__Supplied material__.

:::

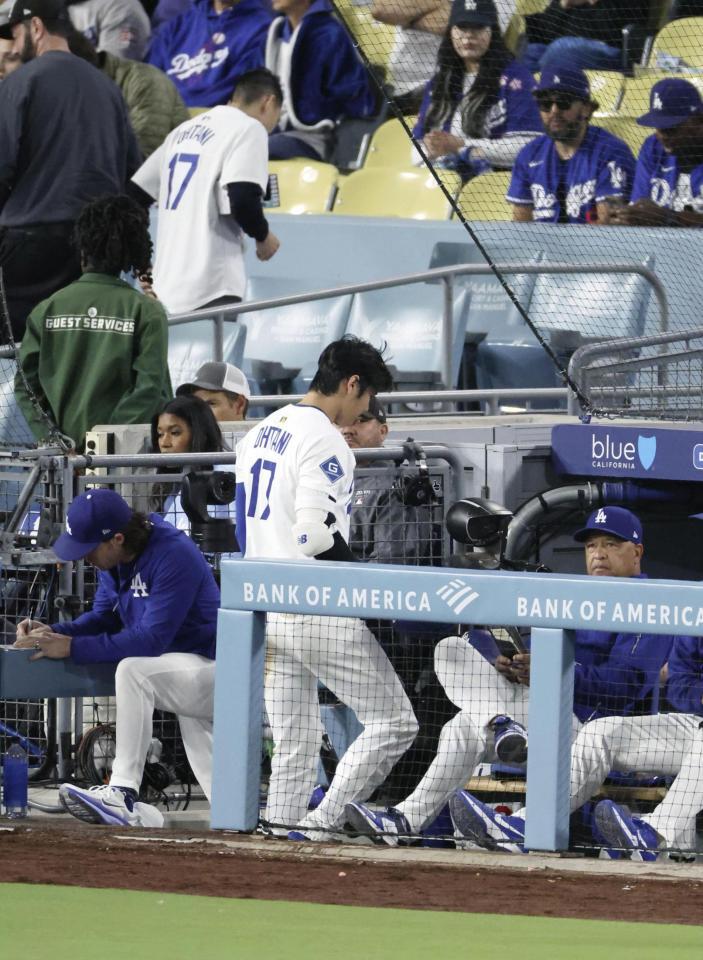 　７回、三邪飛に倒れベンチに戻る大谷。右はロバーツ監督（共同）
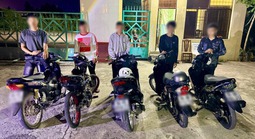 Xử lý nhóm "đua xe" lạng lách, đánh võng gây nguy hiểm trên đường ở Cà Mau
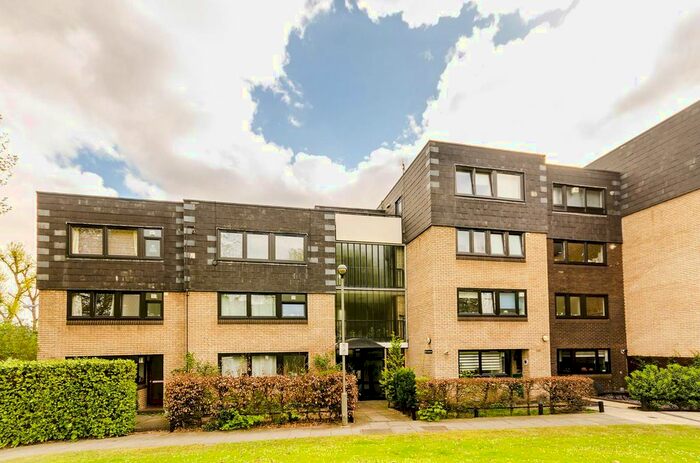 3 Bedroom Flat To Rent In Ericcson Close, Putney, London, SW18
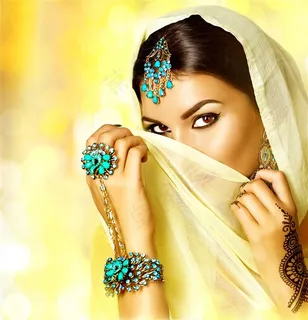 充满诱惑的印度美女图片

:::

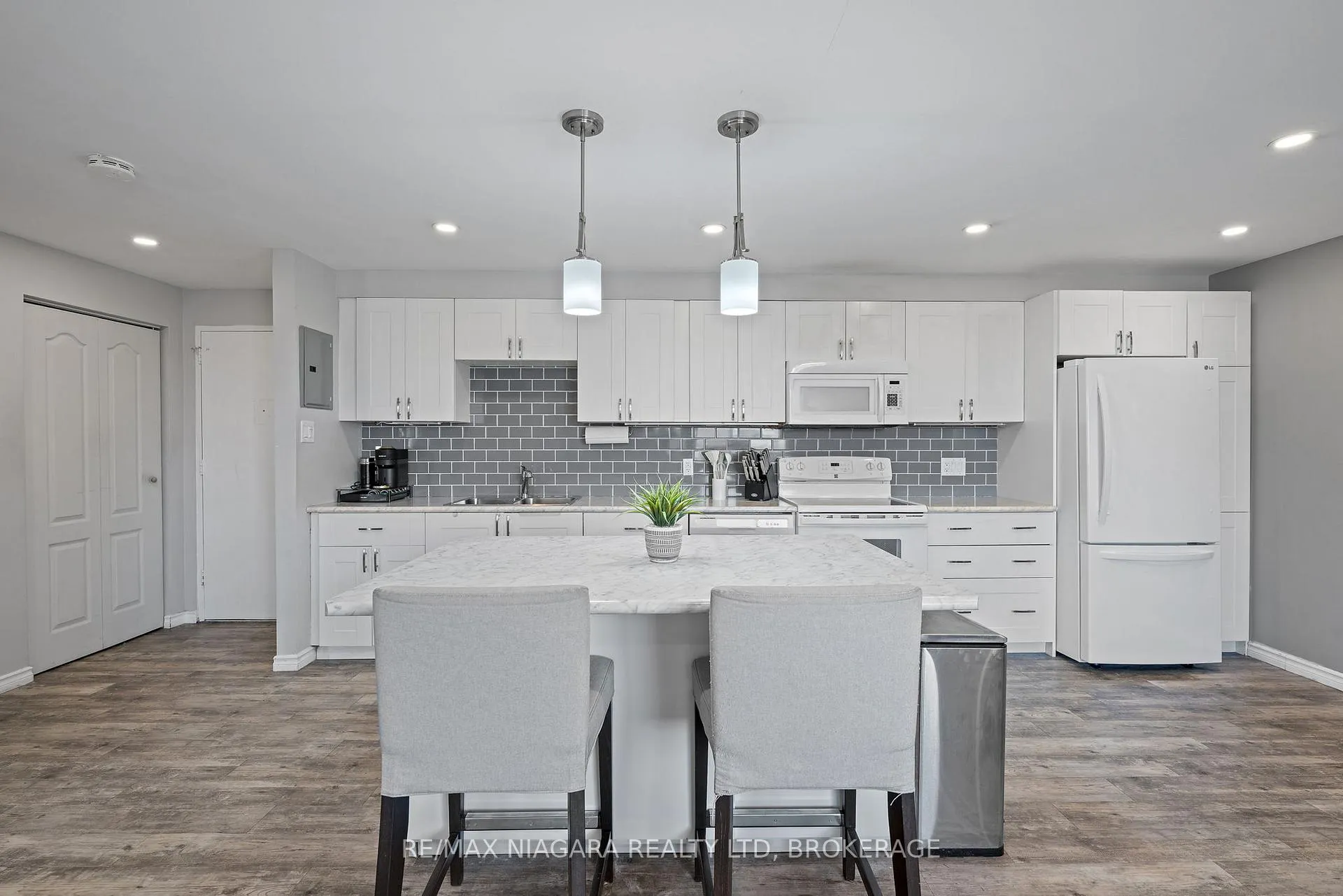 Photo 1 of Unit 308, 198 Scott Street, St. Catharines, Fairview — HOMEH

:::

__What to work on__. All that should be printed is the run of lines above from the one with "đường ở Cà Mau" through the one with "充满诱惑的印度美女图片", both included, exactly as given, with pictures left out.

__Answer for the task__.
 Xử lý nhóm "đua xe" lạng lách, đánh võng gây nguy hiểm trên đường ở Cà Mau
 3 Bedroom Flat To Rent In Ericcson Close, Putney, London, SW18
 充满诱惑的印度美女图片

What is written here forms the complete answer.